Server verifies signature using original challenge and the user's Recovery Auth Public Key. If signature is invalid, returns error.

Server returns: userId, recoveryToken, recoveryProtectedAccountPrivateKey.

Application generates Recovery Key from Recovery Phrase.

Application decrypts recoveryProtectedAccountPrivateKey with Recovery Key, and gets Account Private Key.

Stage result — obtained userId, recoveryToken (for entering stage 2), and Account Keys.

Step 2: Setting New Master Password

User enters new master password they want to set.

Application randomly generates new salt newAuthSalt.

Application generates new Auth Keys from new master password and newAuthSalt.

Application generates new Master Key from new master password and userId as salt.

Application encrypts Account Private Key with new Master Key, and gets newProtectedAccountPrivateKey.

Application randomly generates deviceId (UUID).

Application sends to the server: userId, recoveryToken, deviceId, newAuthSalt, newAuthPublicKey, newAccountPublicKey, newProtectedAccountPrivateKey.

Server saves newAuthSalt, newAuthPublicKey, newAccountPublicKey, newProtectedAccountPrivateKey for the user.

Server creates session.

Server returns: accessToken, expiresAt.

Application saves session (accessToken, Account Keys, etc.) in local Secure Storage.
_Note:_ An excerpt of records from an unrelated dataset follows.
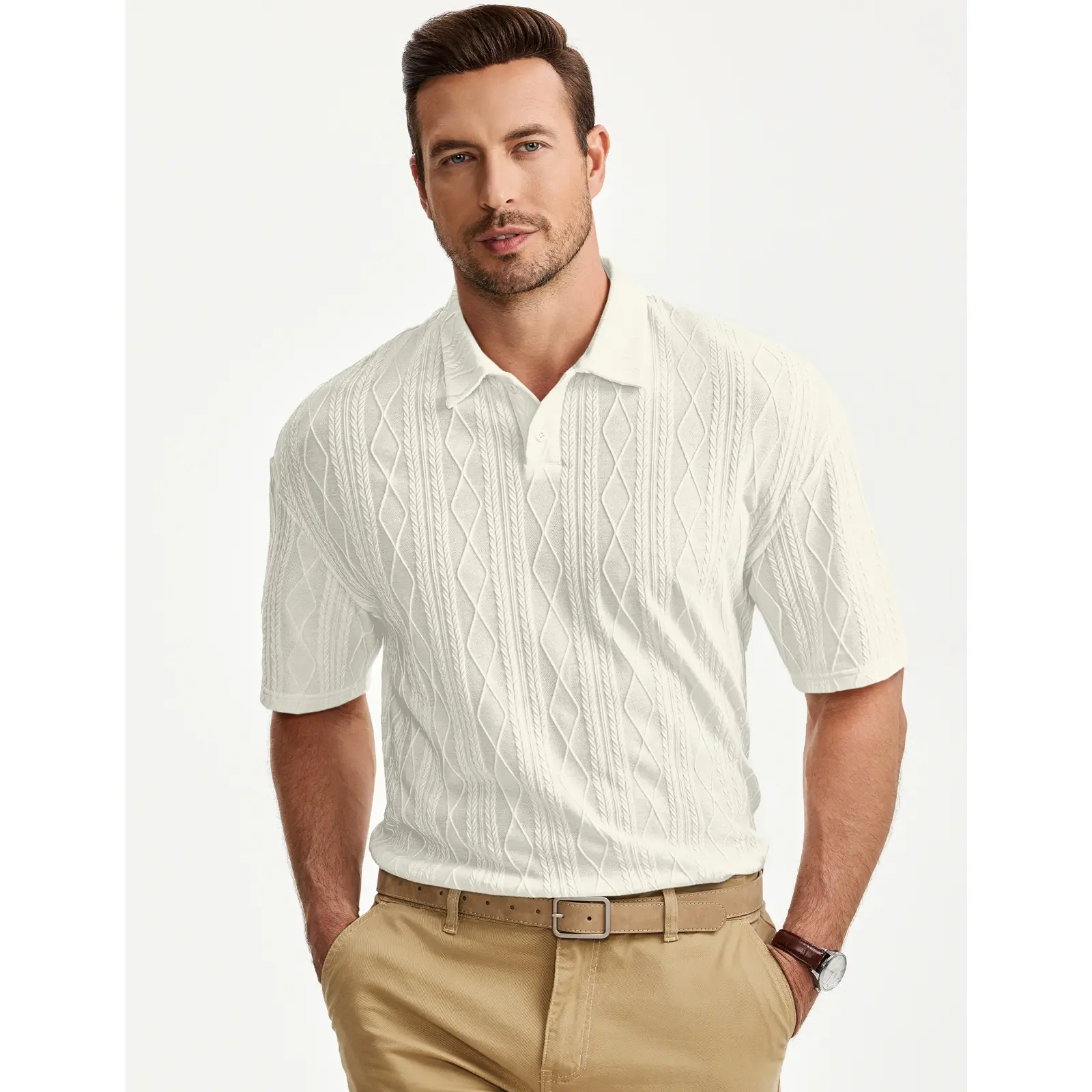 Men Casual Polo Shirt Short Sleeve Textured Beach Button Knit Stretchy Classic Shirts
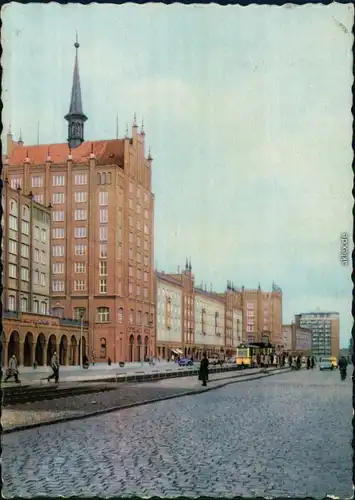 Ansichtskarte Rostock Lange Straße mit Hochhaus und Straßenbahn 1962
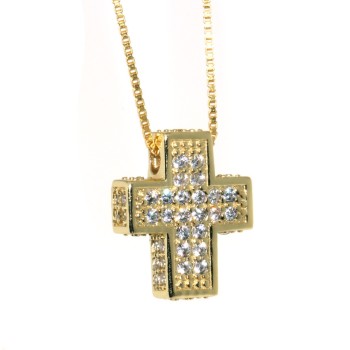 RMB|925: Necklace Collier yellow gold rose Venetian 3D and cross studded with zirconia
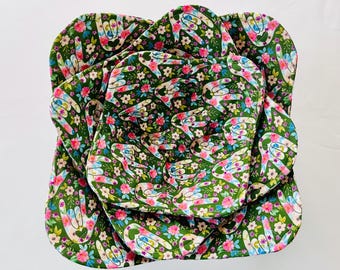 Funda para cuenco con estampado floral ASL, juego de 3 piezas, apta para microondas.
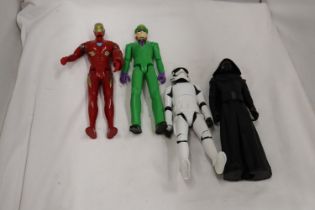 FOUR ACTION FIGURE TOYS TO INCLUDE DARTH VADER, A STORM TROOPER, THE RIDDLER AND IRON MAN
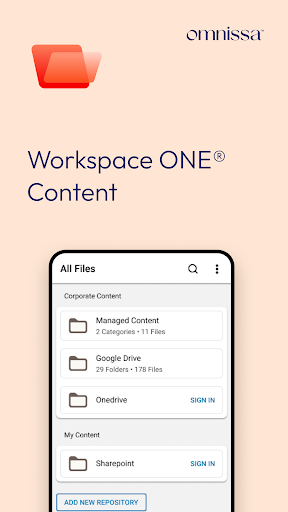 Screenshot of Content - Workspace ONE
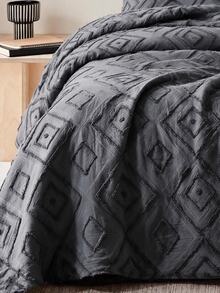 Made In Turkey Bedspread Set With Pillowcases Soft Touch Bed Cover - Dark Grey - View 4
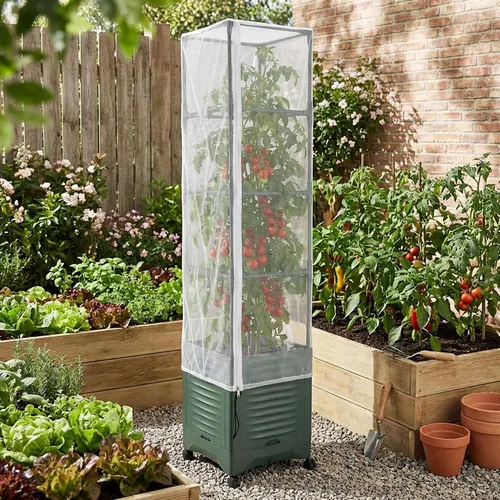 Miniatura 7 de 2 piezas de red para pájaros de jardín para jaula cuadrada de tomate, 59 x 17.7 pulgadas, barrera de insectos y pájaros, red de jaula de tomate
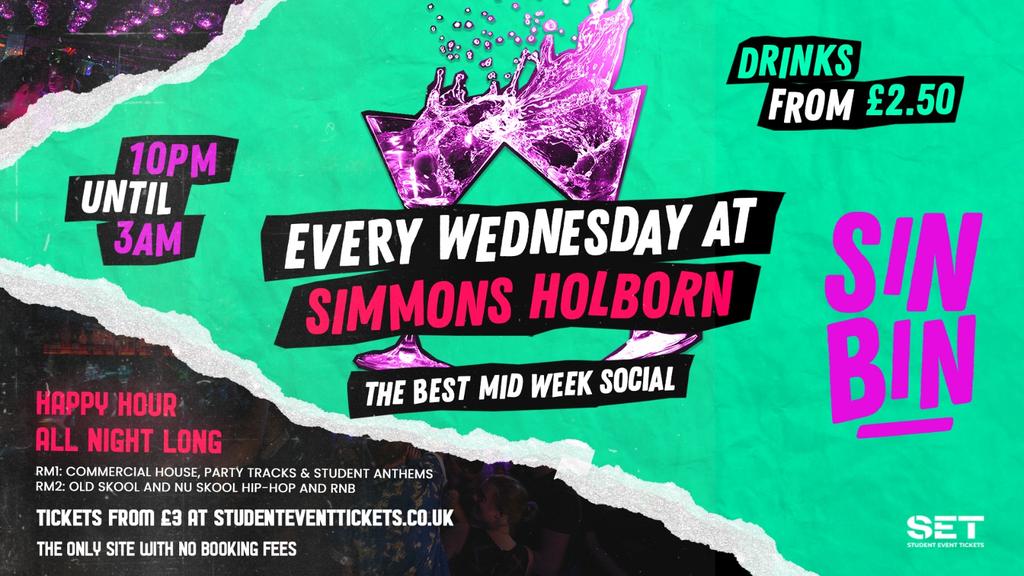 Sin Bin Wednesdays Simmons Holborn / £2.50 Drinkstapahtuman liput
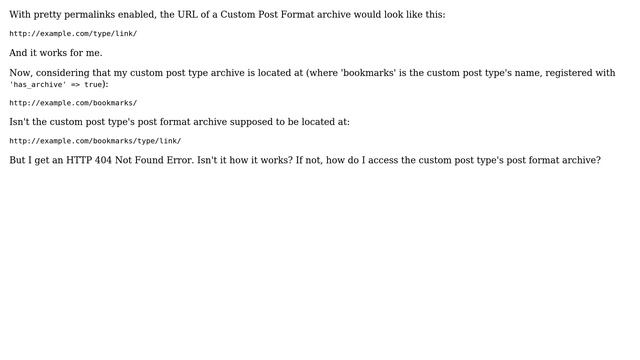 Wordpress: URL of a custom post type's post format archive? смотреть онлайн
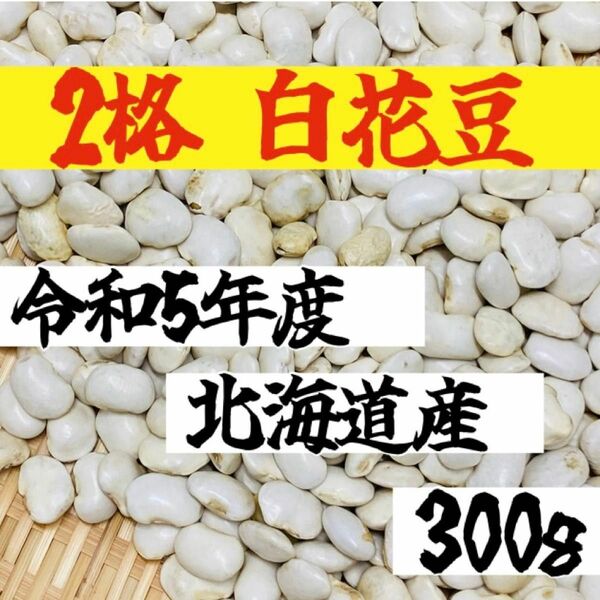 【２格 ３００g】令和５年度 北海道産 白花豆 乾物 乾燥野菜 豆 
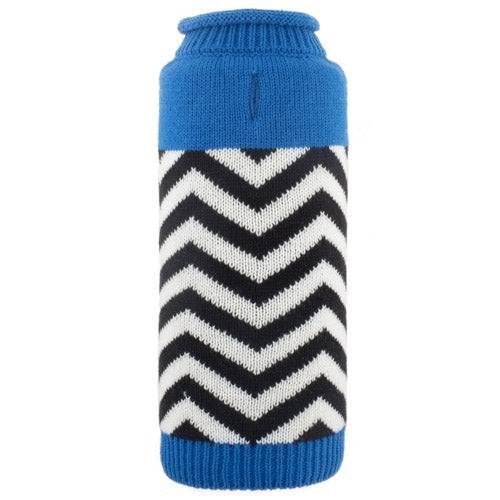 Chevron Blue Roll Neck Sweater Default Title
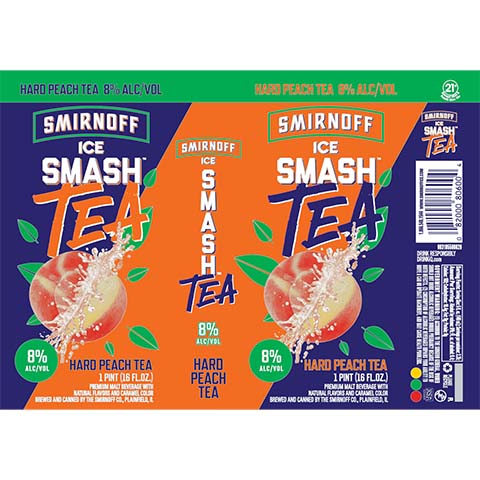 Smirnoff Ice Smash Hard Peach Tea by Smirnoff, beer label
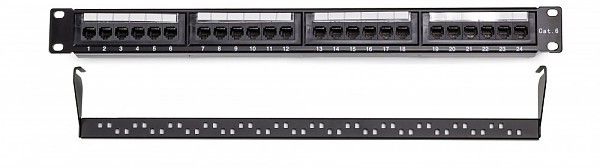 Patch panel, patchpanel, 24 porty, UTP, kat 6, dual block, uchwyty na kabel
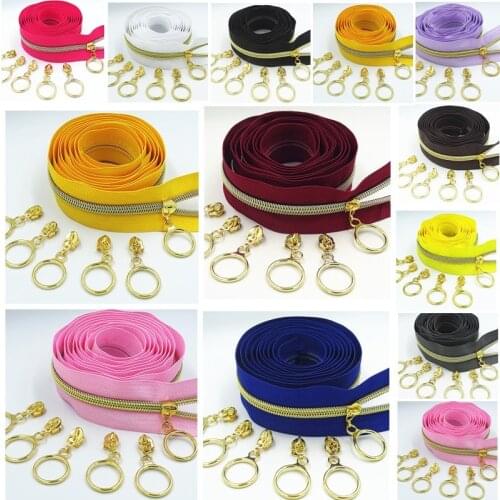 2M 4Pcs Slider 5# Colored Golden Tooth Nylon Zipper Coil Code Decoration Luggage Garment Purse Bags DIY Home Sewing Accessories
Master password is changed to a new one, user is authorized.

Other sessions are logged out.

Security and Trust

• All keys are created on the device.
• The server never knows the master password, private keys, or symmetric keys.
• All organization data, including change history, is encrypted end-to-end.
• Even if the server is compromised, an attacker cannot decrypt organization data without the master password.

Conclusion

The application architecture is built on the principle of minimal cryptographic trust assumptions. All encryption is performed locally, and the server serves only as a transport layer. This approach ensures a high level of security, autonomy, and user data confidentiality, making the system resilient even to complete compromise of the server infrastructure.